What you return should match the data below exactly, with every entry reproduced.

(Collection entries)
┄┄┄┄┄┄┄┄┄┄

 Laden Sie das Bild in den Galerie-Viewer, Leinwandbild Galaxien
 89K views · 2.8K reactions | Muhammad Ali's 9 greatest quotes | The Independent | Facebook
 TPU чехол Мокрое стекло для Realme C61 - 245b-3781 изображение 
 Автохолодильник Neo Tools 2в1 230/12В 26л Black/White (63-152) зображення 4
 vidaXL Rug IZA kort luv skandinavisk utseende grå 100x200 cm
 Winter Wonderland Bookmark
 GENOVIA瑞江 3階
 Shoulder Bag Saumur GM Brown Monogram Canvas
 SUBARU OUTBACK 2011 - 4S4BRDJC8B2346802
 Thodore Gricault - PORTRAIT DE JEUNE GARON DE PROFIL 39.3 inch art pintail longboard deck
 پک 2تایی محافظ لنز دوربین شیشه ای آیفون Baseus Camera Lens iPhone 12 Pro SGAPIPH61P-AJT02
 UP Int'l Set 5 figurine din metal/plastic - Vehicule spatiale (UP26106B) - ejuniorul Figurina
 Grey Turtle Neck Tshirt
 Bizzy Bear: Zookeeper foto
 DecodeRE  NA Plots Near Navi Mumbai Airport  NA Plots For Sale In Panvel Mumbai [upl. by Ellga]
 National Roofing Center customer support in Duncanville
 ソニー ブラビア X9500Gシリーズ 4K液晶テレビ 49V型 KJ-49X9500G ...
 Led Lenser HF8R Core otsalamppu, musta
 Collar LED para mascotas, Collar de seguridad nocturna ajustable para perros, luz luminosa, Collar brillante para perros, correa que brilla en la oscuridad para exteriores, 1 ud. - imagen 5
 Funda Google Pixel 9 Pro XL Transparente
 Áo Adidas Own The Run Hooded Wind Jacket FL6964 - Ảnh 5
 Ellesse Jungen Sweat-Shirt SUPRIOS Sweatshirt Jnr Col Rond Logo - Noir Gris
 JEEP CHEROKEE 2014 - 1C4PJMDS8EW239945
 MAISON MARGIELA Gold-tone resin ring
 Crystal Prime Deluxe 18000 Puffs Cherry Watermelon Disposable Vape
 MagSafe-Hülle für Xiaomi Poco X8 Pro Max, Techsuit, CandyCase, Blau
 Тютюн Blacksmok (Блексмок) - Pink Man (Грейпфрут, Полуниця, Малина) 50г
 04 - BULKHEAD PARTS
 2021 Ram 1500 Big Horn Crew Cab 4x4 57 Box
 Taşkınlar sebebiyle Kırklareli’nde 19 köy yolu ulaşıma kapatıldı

┄┄┄┄┄┄┄┄┄┄

→ Your solution
 Laden Sie das Bild in den Galerie-Viewer, Leinwandbild Galaxien
 89K views · 2.8K reactions | Muhammad Ali's 9 greatest quotes | The Independent | Facebook
 TPU чехол Мокрое стекло для Realme C61 - 245b-3781 изображение 
 Автохолодильник Neo Tools 2в1 230/12В 26л Black/White (63-152) зображення 4
 vidaXL Rug IZA kort luv skandinavisk utseende grå 100x200 cm
 Winter Wonderland Bookmark
 GENOVIA瑞江 3階
 Shoulder Bag Saumur GM Brown Monogram Canvas
 SUBARU OUTBACK 2011 - 4S4BRDJC8B2346802
 Thodore Gricault - PORTRAIT DE JEUNE GARON DE PROFIL 39.3 inch art pintail longboard deck
 پک 2تایی محافظ لنز دوربین شیشه ای آیفون Baseus Camera Lens iPhone 12 Pro SGAPIPH61P-AJT02
 UP Int'l Set 5 figurine din metal/plastic - Vehicule spatiale (UP26106B) - ejuniorul Figurina
 Grey Turtle Neck Tshirt
 Bizzy Bear: Zookeeper foto
 DecodeRE  NA Plots Near Navi Mumbai Airport  NA Plots For Sale In Panvel Mumbai [upl. by Ellga]
 National Roofing Center customer support in Duncanville
 ソニー ブラビア X9500Gシリーズ 4K液晶テレビ 49V型 KJ-49X9500G ...
 Led Lenser HF8R Core otsalamppu, musta
 Collar LED para mascotas, Collar de seguridad nocturna ajustable para perros, luz luminosa, Collar brillante para perros, correa que brilla en la oscuridad para exteriores, 1 ud. - imagen 5
 Funda Google Pixel 9 Pro XL Transparente
 Áo Adidas Own The Run Hooded Wind Jacket FL6964 - Ảnh 5
 Ellesse Jungen Sweat-Shirt SUPRIOS Sweatshirt Jnr Col Rond Logo - Noir Gris
 JEEP CHEROKEE 2014 - 1C4PJMDS8EW239945
 MAISON MARGIELA Gold-tone resin ring
 Crystal Prime Deluxe 18000 Puffs Cherry Watermelon Disposable Vape
 MagSafe-Hülle für Xiaomi Poco X8 Pro Max, Techsuit, CandyCase, Blau
 Тютюн Blacksmok (Блексмок) - Pink Man (Грейпфрут, Полуниця, Малина) 50г
 04 - BULKHEAD PARTS
 2021 Ram 1500 Big Horn Crew Cab 4x4 57 Box
 Taşkınlar sebebiyle Kırklareli’nde 19 köy yolu ulaşıma kapatıldı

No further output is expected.